通常,「第1回公判期日まで」とされます。
ところが,第1回公判期日終了後,接見禁止をさらに請求してくることもあります。
これじたいはそこまで珍しいことではありません。
しかし,未だに納得していない事件があります。
第1回公判期日が16時頃に終わって,事務所に帰宅していた際中でした。17時45分頃,裁判所から「接見禁止決定をした。」との電話がありました。どうやら16時30分頃に検察官から接見禁止を延長するよう請求がなされたようです。
ちなみに,裁判所は対外的には17時で業務終了です。
延長されるかもしれないと視野には入れつつも,第1回公判期日後に接見禁止をする理由もないと考えていたから,少し驚きました。
すぐさま「いまから接見禁止解除申立書を出すので受け取ってください」と申し出ました。金曜日だったので,ここで申立てをしなければ,週明けまで接見禁止が付されたままになるからです。
ところが,「17時を超えているので,受け付けることができません。
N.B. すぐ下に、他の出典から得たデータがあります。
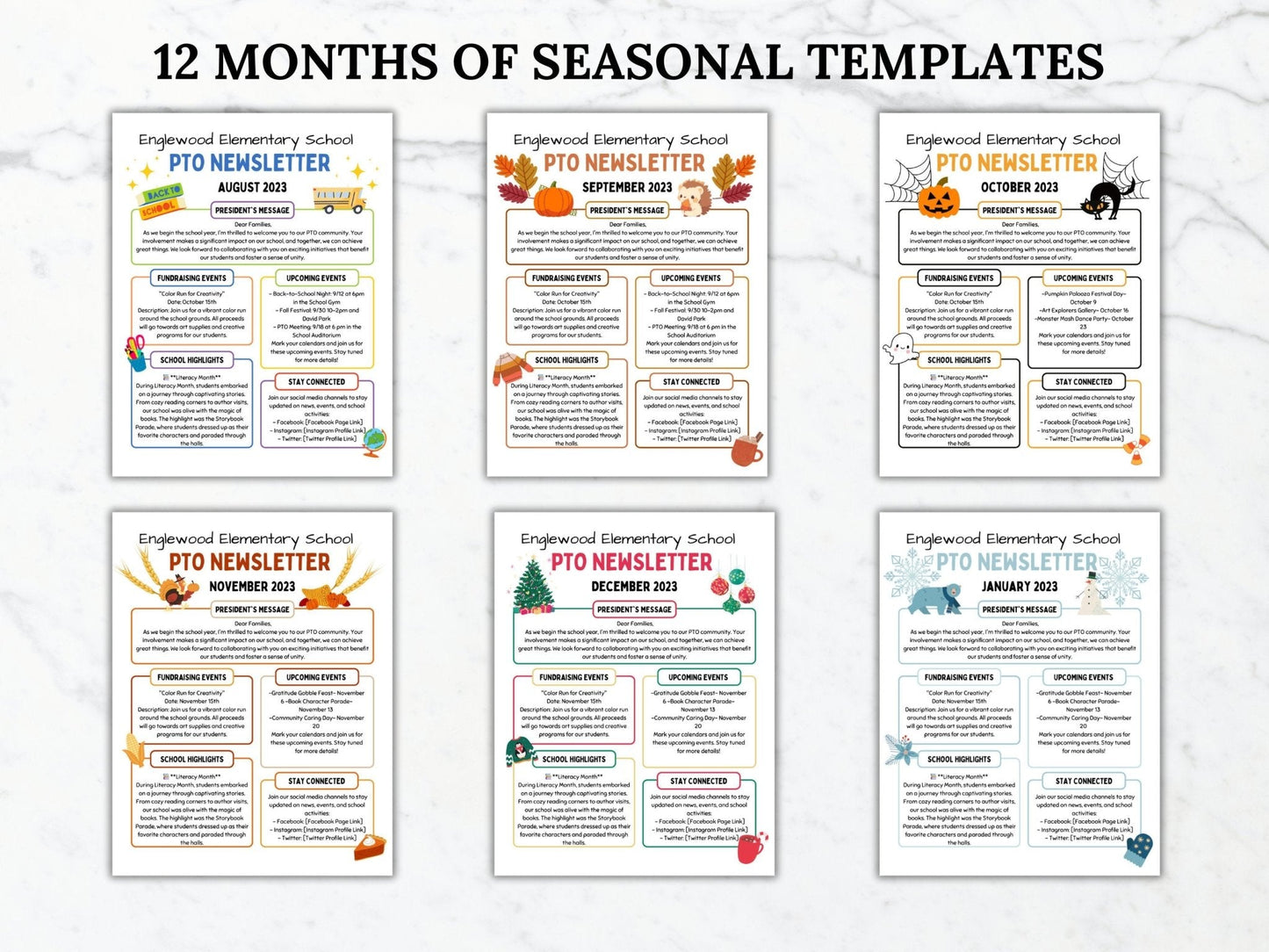 Back to School, Fall, Halloween, Thanksgiving, Christmas and Winter Seasonal PTO PTA Newsletter templates shown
」と機械的な回答が返ってきました。
たしかに,16時30分ごろに提出したのだから検察官の請求は適法です。しかし,17時で業務終了という理由で反論を許さないのは一貫しません。「裁判所の業務は17時で終了していないといけないならば,決定じたいが17時を超える限り,後日に回すべきだ。」と食い下がりました。
ここで書記官は言います。「接見禁止が途切れてしまうじゃないですか?」と。裁判所が接見禁止を当日中に行わないと,月曜日午前まで接見ができる状態になってしまうということでしょう。
確かに,窓口時間を経過しているから請求を受け付けないという論もありましょう。しかし,その場合,決定が17時45分に出されている以上,当日中に接見禁止解除申立てができないことは織り込み済みとなります。いわば,防御の機会を奪うことが織り込み済みの決定をすることとなります。
弁護人には依頼者の周囲の支援者との面会権の方が,接見禁止が途切れる「スキマ」より優先度が高いと思えますが・・・・。弁護人と裁判所には広大な隙間があるようです。